Fu un sussurro roco di Fred detto con labbra tremanti, tremanti quanto tutto il resto del corpo. Due paroline che Hermione s’era rassegnata a non udire: sapeva d’essere amata, ma sapeva anche che Fred non era incline a manifestare l’amore con parole ‘adatte’ o ‘consone’, come le definiva lui ogni volta che un ‘ti amo’ abbandonava le labbra della strega.
Non riuscì a impedirselo Hermione, e rise. Rise gioiosa, imbarazzata, un po’ scossa persino.
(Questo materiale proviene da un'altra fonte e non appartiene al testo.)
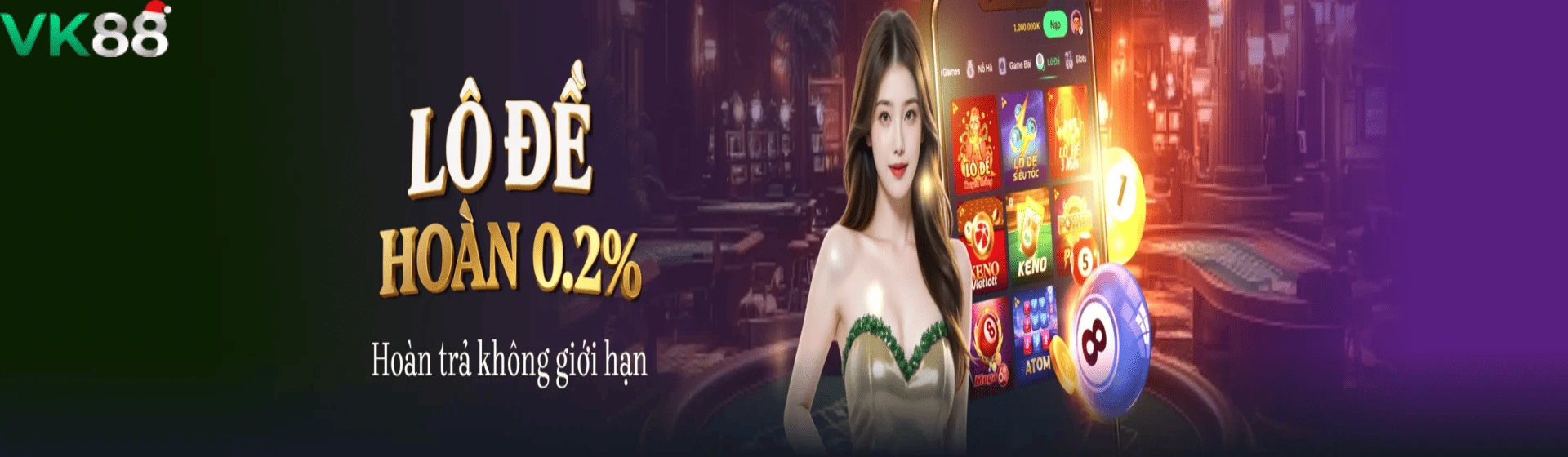 Banner VK88 vk88.noh-future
Ma rise.
 
“Riesco a farti ridere anche quando sono serio,” scherzò lui.
 
“È la tua condanna,” l’accordò lei.
 
Fred le concesse un tacito assenso, mentre incastrava le dita di Hermione nelle proprie. Neanche lui l’aveva immaginato così, quel momento tanto importante. Era terribilmente scomoda la posizione in cui erano, persino le ginocchia dolevano al contatto con il ripiano rigido. Ma in quell’istante tutto sembrava essere poco importante. La dolenzia, l’ambiente, la nulla comodità erano tutti particolari insignificanti, perché loro due erano insieme ed era vivida la convinzione che lo sarebbero stati sempre.
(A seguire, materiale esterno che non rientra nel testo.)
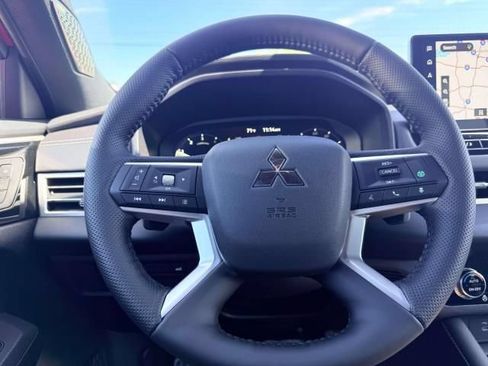 New 2026 Mitsubishi Outlander SEL Black Edition AWD/4WD image 21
Quando, in un tempo invero brevissimo, i loro corpi urlarono il bisogno di uno sfregarsi ancora più intimo, Fred, guidato dall’alchimia che apparteneva soltanto a loro due, dolcemente infranse l’irrisoria distanza che li separava, e non gli era mai successo di avvertire il cuore premere contro le ossa allo scopo, forse, di spaccarle tutte e liberarsi.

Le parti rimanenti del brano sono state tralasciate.